The auto buzzed off in top speed as the hills circled us. The roads were bumpy and narrow and virtually empty. We drove down the charming village of Anegundi, a lively settlement with a few mahals and monuments like the Gagan Mahal.

The Ramayana connection

We left the village behind us and stopped at the many gates of the fortified town to take photographs. The auto veered past lush fields as Virupaksha spoke about his career as a guide with an auto rickshaw. He rattled off names of celebrities who had sought his services and in between he gave us some history of Anegundi. Besides the Ramayana connection, pilgrims consider it holy as the Pampa Sarovar flows here.  Even today, the royal descendants of the Vijayanagar empire are believed to reside here in this village.
The houses gave way to fields as we continued chugging around. But for the occasional nomads and their herd of horses, we encountered neither a bullock cart nor another vehicle. We learnt that we were headed to the Durga temple and the Anegundi Fort entrance.

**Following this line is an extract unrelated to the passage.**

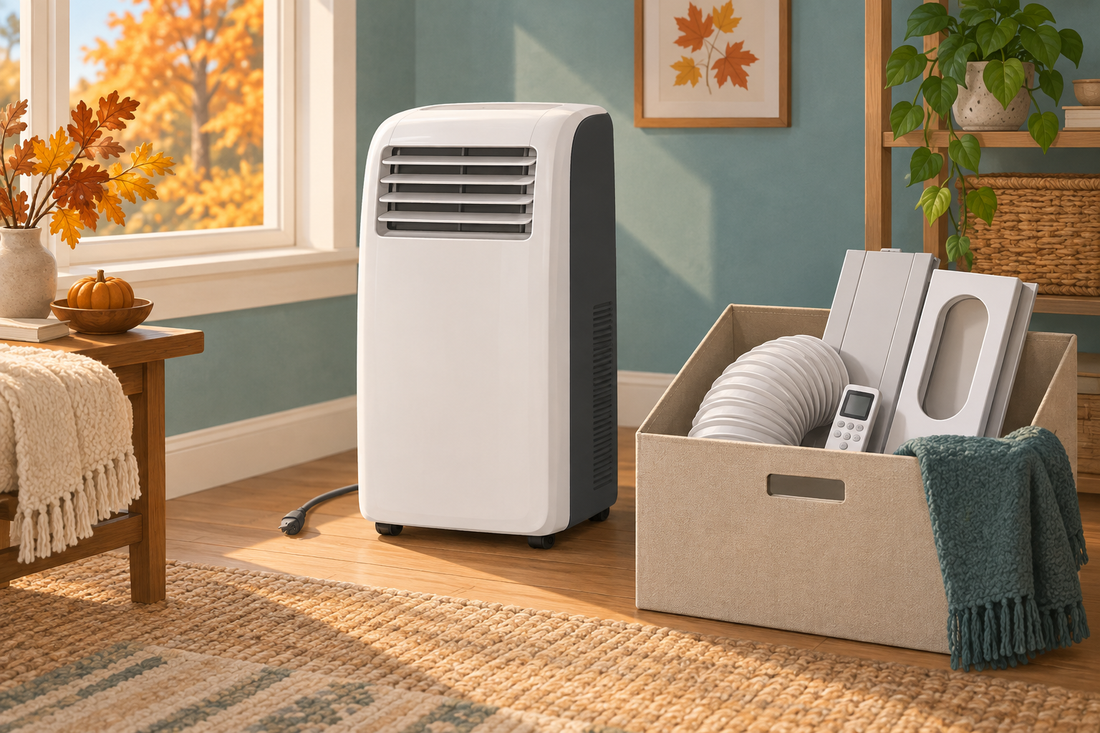 AI illustration of an unplugged portable air conditioner beside a box of organized accessories in an autumn room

We slowly left the plains and followed the curves of the road and drove uphill. The boulders looked much closer as I realised that this was the first time I was driving up a hillock in an auto. There was no one in sight – just the bare landscape and us in a lone rickshaw.  After almost half an hour, we stopped at the foothill of a hillock. A long flight of steps led to a quiet unassuming Durga temple where a couple of dogs were lying around. The walls of the courtyard were painted with signs of ‘Om’ and an old man looked at me rather curiously. I struck a conversation with him in Kannada assuming he was the caretaker of the temple, but all that he seemed to understand was the word “photo.” Virupaksha later told me that he was the cook’s helper and that he could not speak a word of Kannada.

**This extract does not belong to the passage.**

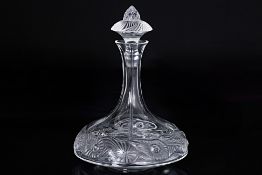 A LALIQUE GLASS 'POMME DE PIN' DECANTER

We climbed further up and reached the ruins of the fort and its many gates.  Tombs lay scattered around. We saw a cave temple dedicated to Ganesha. “The Vijayanagar kings used to come to the Durga temple and pray before every battle,” explained  Virupaksha,  and then they went  to the holy Pampa Sarovar lake and the Lakshmi temple there, located further up the hill.”

Virupaksha added that the Pampa Sarovar dedicated to Shiva and his consort Pampa or Parvati was also featured  in the Ramayana, where Sabari, a devotee met Rama. The legends of Ramayana seemed all-pervading around Anegundi.  

Rock art

The auto kick-started again and this time, we drove outside Anegundi to a prehistoric settlement called Onake Kindi.  We stopped in front of some paddy fields and climbed our way through a steep narrow pathway in a rocky terrain. The path led us to a wide plateau of tall grass, where we found ourselves ringed in by hillocks. There was no one in sight.

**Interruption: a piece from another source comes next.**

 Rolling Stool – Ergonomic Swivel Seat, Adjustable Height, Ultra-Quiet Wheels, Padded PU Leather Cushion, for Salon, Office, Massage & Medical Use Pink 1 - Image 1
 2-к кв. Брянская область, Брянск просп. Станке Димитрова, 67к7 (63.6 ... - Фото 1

But we walked through the grass towards the boulders until Virupkasha pointed out to some rock art in one of them. We found a rock with some red and white markings, which had some stick figures of humans and some animals like the bull.

In another boulder was a circular diagram which looked like drawings of sun and moon, but we could not figure out the symbolism behind it.

I later learnt from Professor Ravi Korisettar from  the Department of  History and Archaeology of the Karnatak University that the rock painting belonged to the Iron Age, somewhere around the period of about 1500 BC and that the faded circular painting was a very rare depiction of a megalithic style of burial.” If you look closely, you can see a human body in the middle and a lot of burial goods, surrounded by a  stone circle,” he said. But at that moment, I had not understood the significance of the paintings when I had seen those crude red sketches on the rocks.

I learnt more that day, an entire site of megalithic dolmens was located further up in the hills called Mourya Mane.

Virupaksha meanwhile was giving me his own interpretations as we sat for a while in the fields and looked up at the mountains. My three-hour trip was almost ending and I knew it was time to hit the road again. I closed my eyes for a moment and a montage of images from the trip swept past by me. I saw forts and palaces, old isolated temples, saffron-clad sadhus, lost lovers in the ruins, lush fields ...and realised Anegundi is indeed ageless.

It has a mysticism  that can neither be explained nor explored. When I opened my eyes, I  found a lone auto waiting in the middle of an empty road to take me back to Hampi.